管理の手引き


データベース・エージェント

DB2 サーバーは、 データベース・マネージャーとクライアント / ローカル・アプリケーションとの間のコミュニケーションを支援しなければなりません。 UNIX ベースの環境では、 プロセス を基本とするアーキテクチャーを使用します。 たとえば、DB2 コミュニケーション listener はプロセスとして作成されます。 OS/2 および Windows NT などの Intel オペレーティング・システムでは、 スレッド を基本とするアーキテクチャーを使用して、 パフォーマンスの最大化を図ります。 たとえば、DB2 コミュニケーション listener は、 DB2 サーバーのシステム制御装置プロセス内にスレッドとして作成されます。 アクセスされる各データベースごとに、さまざまなプロセス / スレッドが開始されて、 各種のデータベース・タスク (たとえば、事前取り出し、コミュニケーション、 ログ記録など) を処理します。

非常に重要なプロセス / スレッドの 1 つに、 データベースに関するアプリケーションの操作を支援するデータベース・エージェントのプロセス / スレッドがあります。

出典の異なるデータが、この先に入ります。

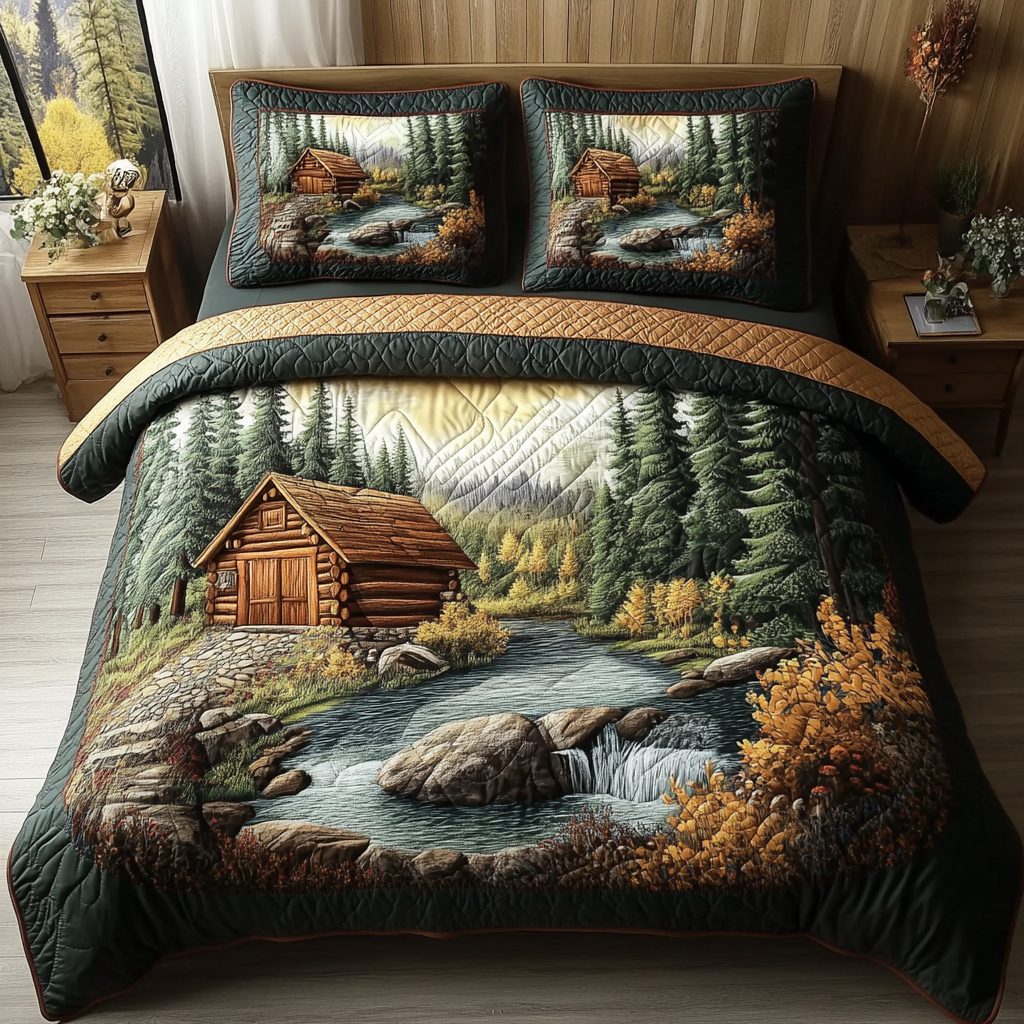 River Cabin quilted 3-piece bedding set on a made bed with two matching pillow shams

論理エージェント は、 データベース・マネージャーに接続されたアプリケーションを表します。 論理エージェントには、 アプリケーションに必要なすべての情報と制御ブロックがあります。 論理エージェントの最大数は、 データベース・マネージャー構成パラメーター max_logicagents により制御されます。 アプリケーションごとに 1 つの論理エージェントがあるので、 このパラメーターは、 インスタンスに接続できるアプリケーションの最大数を制御します。

作業エージェント は、 アプリケーション要求を実行しますが、 特定のアプリケーションに永続的に接続されるものではありません。 作業エージェントには、 アプリケーションが要求したデータベース・マネージャー内のアクションを完了するのに必要なすべての情報と制御ブロックがあります。

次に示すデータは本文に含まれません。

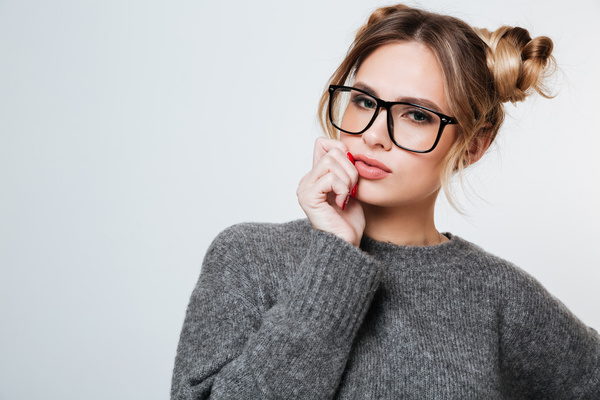 Wearing broad-brimmed glasses girl Stock Photo 04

作業エージェントには、4 つのタイプがあります。 活動状態の調整エージェントサブエージェント非活動状態のエージェント 、 およびアイドル・エージェント です。

アイドル・エージェントは、 最も単純な形式の作業エージェントです。 このエージェントは、論理エージェントに結合されておらず、 アウトバウンド接続もありません。 また、ローカル・データベース接続も、インスタンス接続もありません。

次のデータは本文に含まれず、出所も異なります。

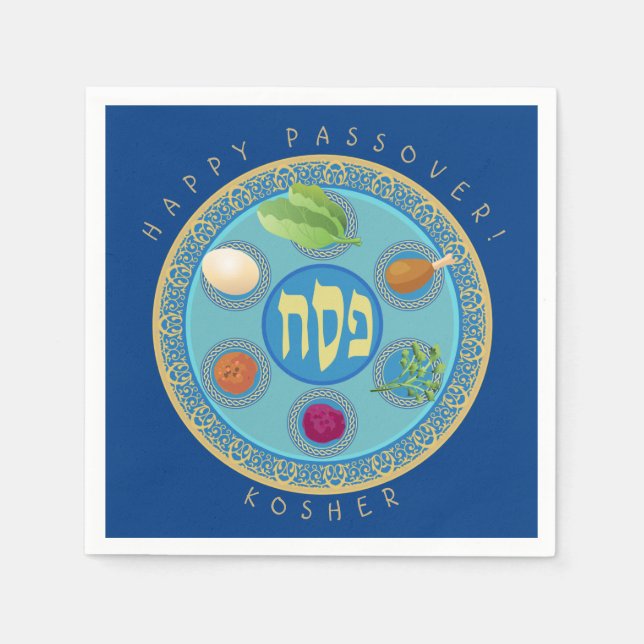 Passover Plate Kosher Pesach Napkin (Front)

非活動状態のエージェントは作業エージェントの一形式であり、活動状態のトランザクションにはありません。 このエージェントは論理エージェントに結合されておらず、アウトバウンド接続もありません。 また、ローカル・データベース接続も、インスタンス接続もありません。 非活動エージェントは自由に別の論理エージェントと結合され、 その論理エージェントによって表されるアプリケーションの提供を開始します。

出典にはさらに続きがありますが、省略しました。